:: GIVEN RECORDS ::
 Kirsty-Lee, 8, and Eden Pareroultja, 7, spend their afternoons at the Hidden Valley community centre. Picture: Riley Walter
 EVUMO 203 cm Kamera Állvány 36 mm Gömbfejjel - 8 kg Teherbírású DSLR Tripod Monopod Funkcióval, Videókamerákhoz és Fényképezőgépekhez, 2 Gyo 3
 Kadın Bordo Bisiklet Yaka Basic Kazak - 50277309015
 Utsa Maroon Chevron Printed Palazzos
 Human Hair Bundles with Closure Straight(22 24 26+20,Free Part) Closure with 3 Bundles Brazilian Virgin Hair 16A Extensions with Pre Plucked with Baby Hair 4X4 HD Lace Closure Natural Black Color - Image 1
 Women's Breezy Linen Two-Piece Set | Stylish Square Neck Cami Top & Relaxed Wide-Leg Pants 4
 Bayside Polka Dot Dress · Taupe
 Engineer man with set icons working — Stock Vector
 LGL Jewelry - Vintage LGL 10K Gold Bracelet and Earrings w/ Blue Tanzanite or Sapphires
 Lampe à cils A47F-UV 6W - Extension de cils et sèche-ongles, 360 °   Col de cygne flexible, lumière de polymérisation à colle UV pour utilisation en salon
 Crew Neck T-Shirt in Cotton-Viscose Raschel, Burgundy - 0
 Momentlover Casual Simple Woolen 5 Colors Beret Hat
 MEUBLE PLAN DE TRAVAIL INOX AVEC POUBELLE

:: TASK GOAL ::
Please go line by line through the records above, copying each one that holds the string "Neck".

:: SOLUTION FOR THIS EXERCISE ::
 Women's Breezy Linen Two-Piece Set | Stylish Square Neck Cami Top & Relaxed Wide-Leg Pants 4
 Crew Neck T-Shirt in Cotton-Viscose Raschel, Burgundy - 0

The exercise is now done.